Don’t be swayed by extra benefits – unless you actually need them
Some insurers offer extra benefits on policies, such as increasing your cover around the time of a wedding, or at Christmas, to account for the cost of presents stored in the home.
For example, Allianz automatically increases the value of your contents by 10 per cent in December and January, while it also provides cover of up to €320 for any loss or damage to shopping while it is being transported from the place of purchase to your home.
At Hibernian, up to €650 is offered to cover the cost of replacing food damaged in your domestic freezer.
However, while there is no fee for these extras, which are treated as standard benefits, they may result in increasing the overall cost of your policy, so bear this in mind when shopping around. Moreover, you may be disinclined to claim these benefits should the occasion arise due to the impact it would have on your no-claims discount.
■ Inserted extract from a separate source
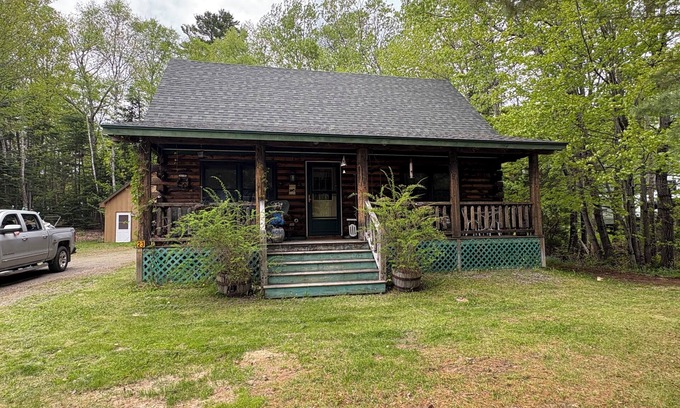 Greenville Junction Cabin | 3-bedroom cabin in heart of Greenville, with WiFi, just 3 minute walk to Lake!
Most insurers also offer optional extras, such as covering your possessions outside of the home, but an extra fee is charged for such cover so think carefully whether or not you need it before agreeing to it.
Don’t pay over 12 months
One way that insurers look to earn more than the figure you are quoted for your policy is by charging a service fee on premiums that are paid in instalments. Allianz charges 8 per cent of the value of your premium if you pay by direct debit over 12 months, while at Hibernian Aviva, the cost is 6 per cent. However, some insurers, such as AIB and Bank of Ireland, don’t charge for spreading your payments, so check the fine print before you sign up.
Don’t lie to your insurance company
When asked by the insurance company whether or not your alarm complies with certain standards, or if you have certain security fittings on your doors and windows, you must tell the truth as blindly saying yes may invalidate your whole policy.
Another important thing to remember is that if you told the insurance company that you have a burglar alarm and if the house is burgled and the alarm was not set, depending on the policy, you may have no cover.
Similarly, Bank of Ireland does not provide cover for possessions stolen from a car which weren’t concealed in the glove compartment or locked in the boot.
Don’t be tempted to under-insure the value of your contents to get a cheaper quote
By doing so you may only get a proportion of the value back if you make a claim, if the policy has an “average clause”.
For example, if the contents of your home – and remember that contents includes your clothes, carpets, kitchen appliances etc – are actually worth about €40,000, but you only insure them for €20,000, if a fire destroys some of your contents, the most you can claim back is just 50 per cent of their true value due to being inadequately insured.
Don’t take too long to renew
From June 1st, the non-life insurance levy of 2 per cent is being increased by 1 per cent, so if the in force date of the policy is on or after this date, the higher rate will apply.